You are viewing a plain text version of this content. The canonical link for it is here.
Posted to java-user@lucene.apache.org by Otis Gospodnetic <ot...@yahoo.com> on 2003/10/09 16:17:57 UTC
GermanAnalyzer.java GermanStemmer.java
Moving to lucene-user list.
If not the author, maybe some users of this code can tell us how this
uppercase/lowercase business should work.
And the issue even includes patches. I don't use the German* stuff, so
I'm afraid of applying it and breaking things for people who do use
German* classes as they are currently.
Otis
--- Erik Hatcher <er...@ehatchersolutions.com> wrote:
> It seems to be the issue mentioned here as well:
>
> http://nagoya.apache.org/bugzilla/show_bug.cgi?id=18410
>
>
> On Wednesday, October 8, 2003, at 09:41 PM, Otis Gospodnetic wrote:
> > Answer to question comment: possibly because nouns start with a
> capital
> > letter in German, so lowercasing may not be the right thing to do.
> > This is a bit of a guess.
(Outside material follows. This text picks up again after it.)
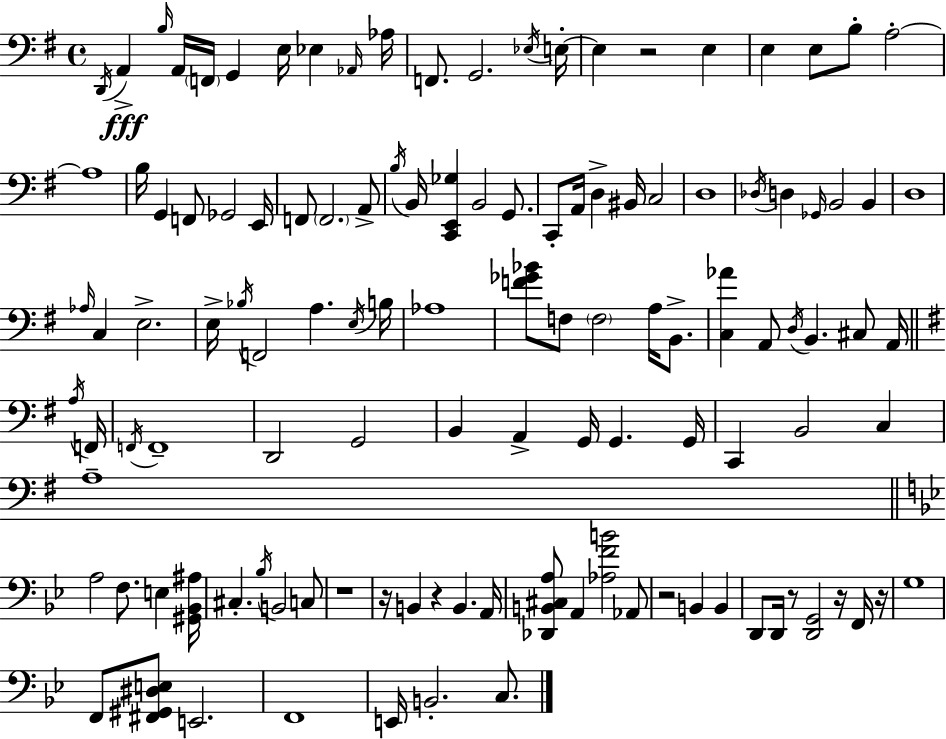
D2/s A2/q B3/s A2/s F2/s G2/q E3/s Eb3/q Ab2/s Ab3/s F2/e. G2/h. Eb3/s E3/s E3/q R/h E3/q E3/q E3/e B3/e A3/h A3/w B3/s G2/q F2/e Gb2/h E2/s F2/e F2/h. A2/e B3/s B2/s [C2,E2,Gb3]/q B2/h G2/e. C2/e A2/s D3/q BIS2/s C3/h D3/w Db3/s D3/q Gb2/s B2/h B2/q D3/w Ab3/s C3/q E3/h. E3/s Bb3/s F2/h A3/q. E3/s B3/s Ab3/w [F4,Gb4,Bb4]/e F3/e F3/h A3/s B2/e. [C3,Ab4]/q A2/e D3/s B2/q. C#3/e A2/s A3/s F2/s F2/s F2/w D2/h G2/h B2/q A2/q G2/s G2/q. G2/s C2/q B2/h C3/q A3/w A3/h F3/e. E3/q [G#2,Bb2,A#3]/s C#3/q. Bb3/s B2/h C3/e R/w R/s B2/q R/q B2/q. A2/s [Db2,B2,C#3,A3]/e A2/q [Ab3,F4,B4]/h Ab2/e R/h B2/q B2/q D2/e D2/s R/e [D2,G2]/h R/s F2/s R/s G3/w F2/e [F#2,G#2,D#3,E3]/e E2/h. F2/w E2/s B2/h. C3/e.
Maybe the author will enlighten us. :)
> >
> > Otis
> >
> > --- ehatcher@apache.org wrote:
> >> ehatcher 2003/10/08 17:08:52
> >> Revision Changes Path
> >> 1.7 +3 -2
> >>
> > jakarta-lucene/src/java/org/apache/lucene/analysis/de/
> > GermanAnalyzer.java
> >>
> >> Index: GermanAnalyzer.java
> >>
> ===================================================================
> >> RCS file:
> >>
> > /home/cvs/jakarta-lucene/src/java/org/apache/lucene/analysis/de/
> > GermanAnalyzer.java,v
> >> retrieving revision 1.6
> >> retrieving revision 1.7
> >> diff -u -r1.6 -r1.7
> >> --- GermanAnalyzer.java 29 Jan 2003 17:18:53 -0000 1.6
> >> +++ GermanAnalyzer.java 9 Oct 2003 00:08:52 -0000 1.7
> >> @@ -169,7 +169,8 @@
> >> {
> >> TokenStream result = new StandardTokenizer( reader );
> >> result = new StandardFilter( result );
> >> - result = new StopFilter( result, stoptable );
> >> + // shouldn't there be a lowercaser before stop word
> filtering?
> >> + result = new StopFilter( result, stoptable );
> >> result = new GermanStemFilter( result, excltable );
> >> return result;
> >> }
> >>
> >>
> >>
__________________________________
Do you Yahoo!?
The New Yahoo! Shopping - with improved product search
http://shopping.yahoo.com
---------------------------------------------------------------------
To unsubscribe, e-mail: lucene-user-unsubscribe@jakarta.apache.org
For additional commands, e-mail: lucene-user-help@jakarta.apache.org
Re: GermanAnalyzer.java GermanStemmer.java
Posted by Gerhard Schwarz <ge...@fpg.de>.
Hello,
Otis Gospodnetic schrieb:
> If not the author, maybe some users of this code can tell us how this
> uppercase/lowercase business should work.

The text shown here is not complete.